FHC: Não sei o que ela fará. Acho que o que veremos nas próximas semanas é uma resistência forte da presidente e de seu partido para escapar do impeachment. E o Senado terá de levar em consideração os argumentos da presidente, terá de julgar se tem apetite para impeachment. A Câmara apenas abriu o processo. Acho que Dilma tentará convencer o Senado de que ela está correta. O debate será longo ainda.
Adoraria pensar que o que vimos foi o triunfo de um movimento anticorrupção. Mas o caso que foi usado para afastá-la não tem  a ver com corrupção, mas com erros administrativos. E o impeachment foi aprovado por um Congresso que tem muitos questionamentos sobre sua própria corrupção. Isso prejudica a legitimidade do próximo governo?
FHC: “Acho que o que está por trás do processo são fortes críticas contra a corrupção. Por conta de formalidades, a forma como o impeachment foi processado na Câmara se baseou na quebra de certas regras administrativas, mas a corrupção também motivou o processo, além da crise econômica  e do sistema judicial que está funcionando. O sistema partidário brasileiro está em péssimo estado e precisa de reformas profundas. Gostaria de ver, depois do impeachment, a possibilidade de colocar mais pressão para modificar o sistema partidário e as regras eleitorais. Espero que o impeachment não seja o fim do processo, mas a continuação de mudanças importantes na cultura política do Brasil.
O senhor conhece Temer até melhor que Dilma porque trabalharam juntos durante o seu governo. Ele não inspira muita confiança da população. Há motivo para ter esperança?

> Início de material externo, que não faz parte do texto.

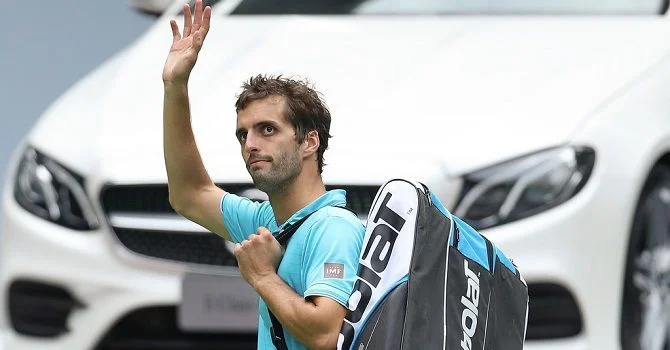  - Ян-Леннард Штруфф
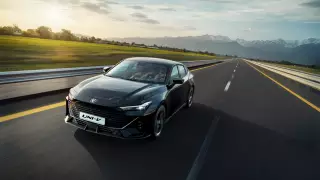 Тринадцать миллионов на "спорт":  открыты продажи нового лифтбека UNI-V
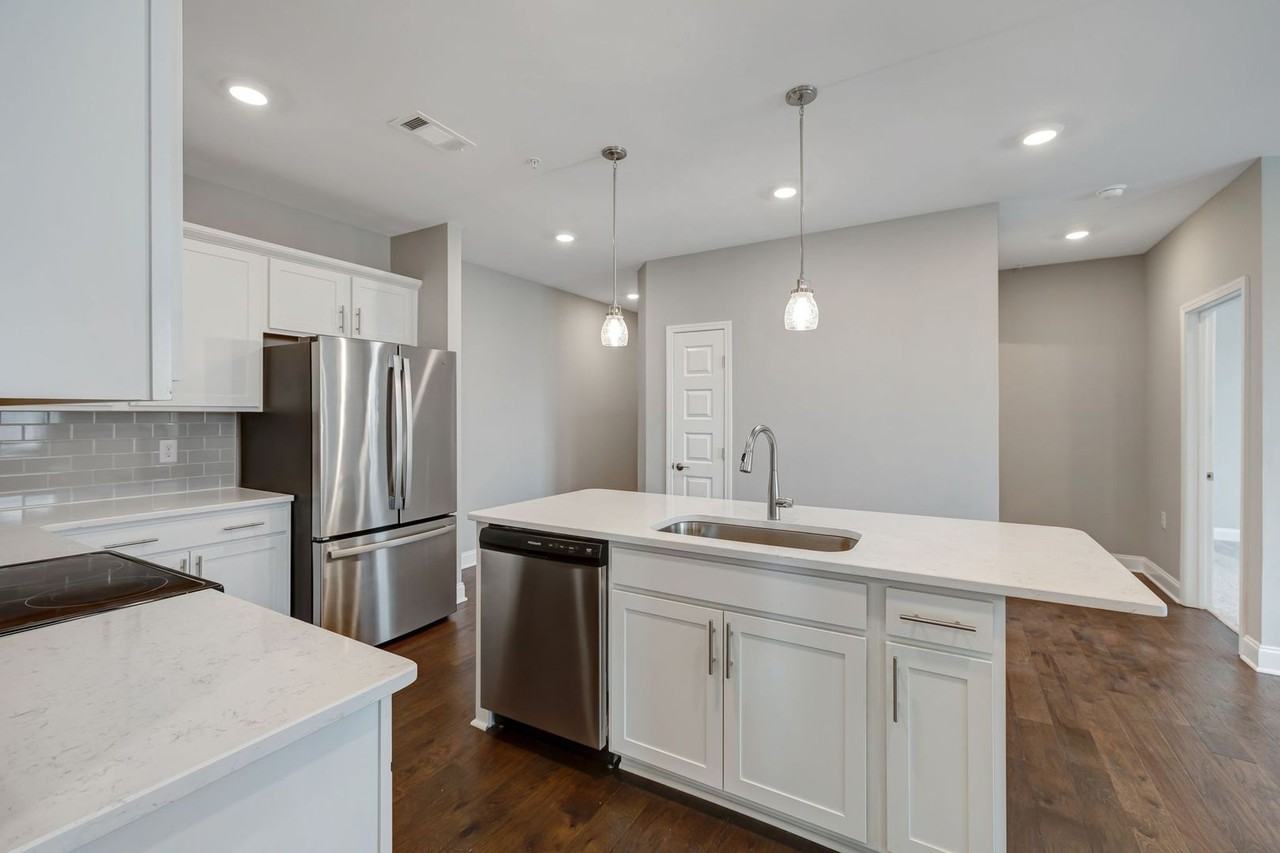 4000 Shadow Green Dr - Photo 5 of 30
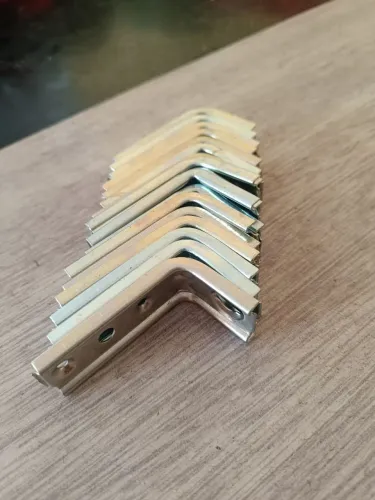 Cantoneira para fixação de armários 800 peças por 400 reais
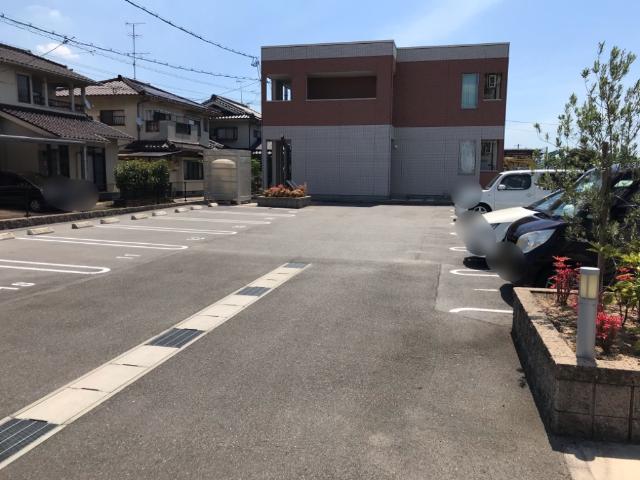 駐車場　外観写真（昼）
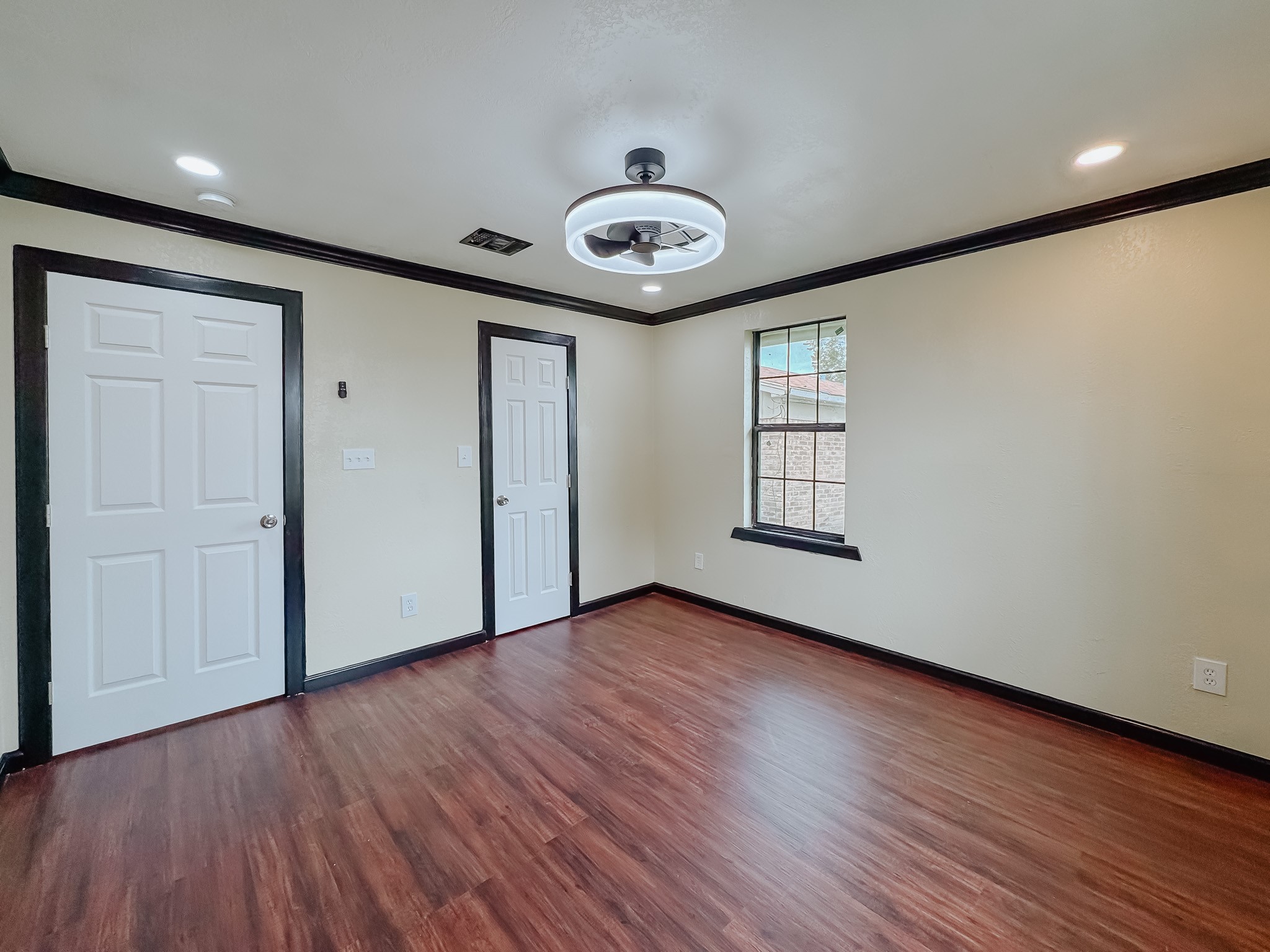 1112 E 13th Avenue Corsicana TX 75110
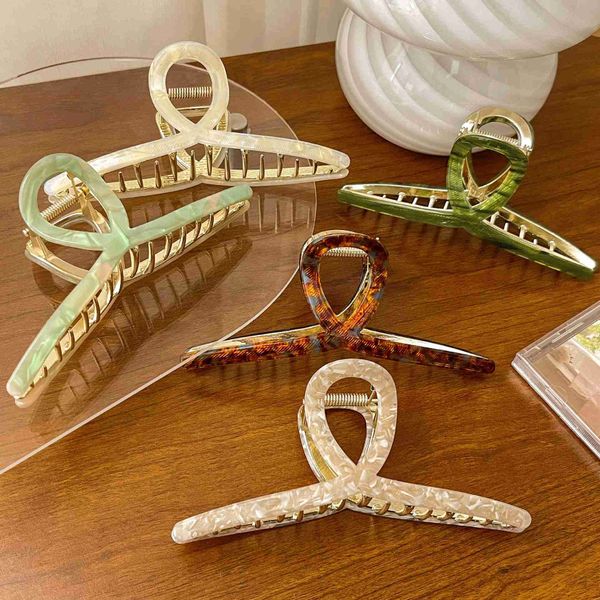 

butterfly barrettes acetic acid grip clip for women 14cm oversized back scoop shark clip high-end hairpin fashionable clip headwear trend, Golden;silver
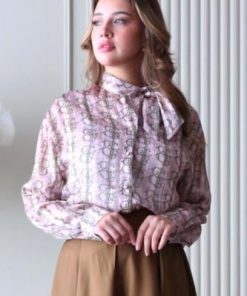 أوبرا فاشن - بلوزة شيفون لون زهري برسومات متداخله على اسكارف في العنق بشكل انيق وبارز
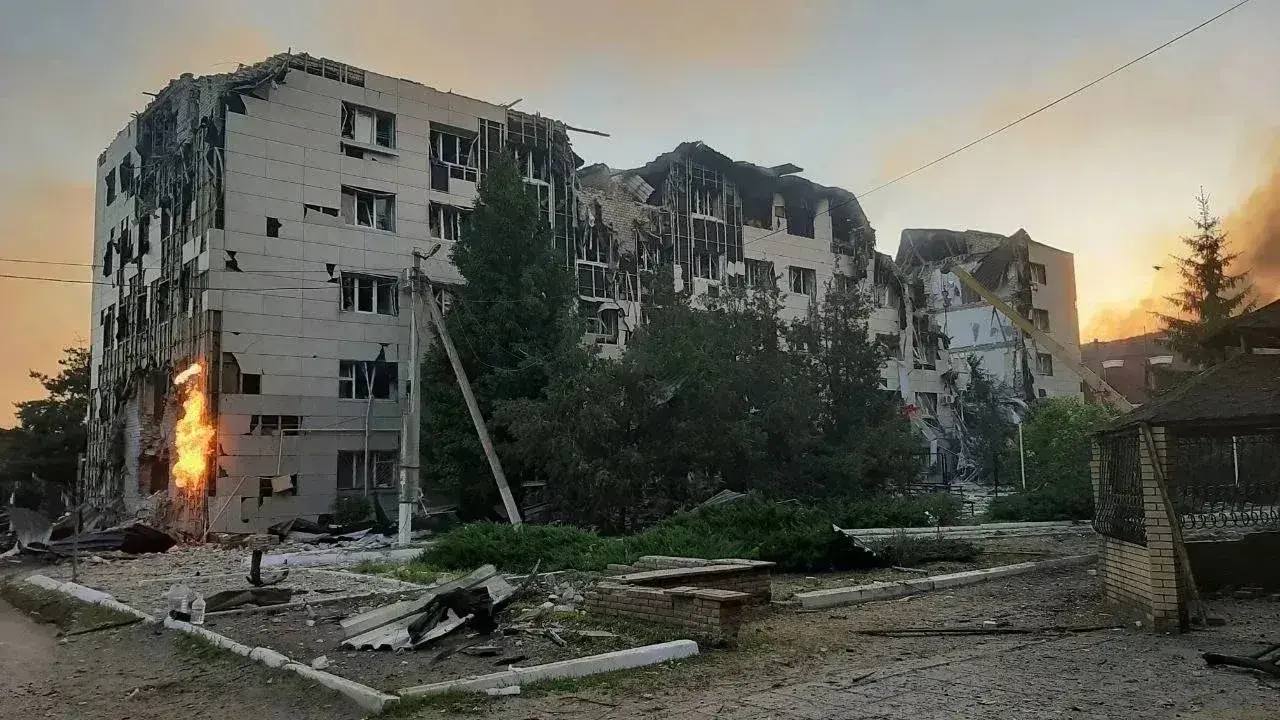 Ukrayna Luqanskda kolleci dronla vurdu: Ölənlər var &ndash; FOTO/VİDEO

FHC: Ele é advogado constitucionalista e um político experiente. Espero que este momento o inspire a superar suas experiências na vida partidária do Brasil e a ver o Brasil de um ponto de vista histórico para se responsabilizar pelo país. Espero que consiga, não sei se consegue, mas há uma esperança. Quando o Itamar virou presidente, as pessoas o criticavam por sua falta de experiência, mas ele conseguiu organizar uma boa equipe.
Quão difícil será para ele governar com o PT na oposição?
FHC: O PT hoje é um partido como qualquer outro. Sua capacidade de mobilização é menos eficaz que no passado. Acho que eles podem causar alguns problemas, mas a sociedade brasileira se voltou contra o PT nos últimos dois anos. Acho que será possível manobrar mesmo como o PT na oposição.
O processo de hoje não abre uma brecha para afastar qualquer futuro presidente que enfrente uma crise econômica?
FHC: Não. Não foi por conta da pressão econômica que isso aconteceu, foi por conta da corrupção e da incapacidade da presidente de lidar com o Congresso. Há motivos políticos e sociais, além dos motivos econômicos. Não acho que isso será possível com qualquer presidente. Não acho que será uma prática normal afastar um presidente que não tem popularidade. É possível reconquistar a confiança. O novo presidente precisará se dirigir à população e reconquistar a respeitabilidade. Ele precisa mostrar sua capacidade de liderar.
Ao longo dos últimos anos o Brasil cresceu e avançou, mas hoje é difícil ser otimista porque a economia está péssima e não existe um líder político no horizonte capaz de mover as coisas pra frente. O que acha. O senhor consegue ser otimista?
FHC: Para ser realista, estamos vivendo um momento difícil. A chave é a retomada da respeitabilidade, da confiança. Hoje não foi um dia feliz. Mas foi necessário remover a presidente. Temos esperança porque há uma oportunidade para o novo presidente inspirar a população. Em termos das condições materiais do país, nossa situação de infraestrutura, por exemplo, além de outros setores, é tão ruim que há potencial de melhoras em todos os níveis. É uma situação difícil, mas não impossível.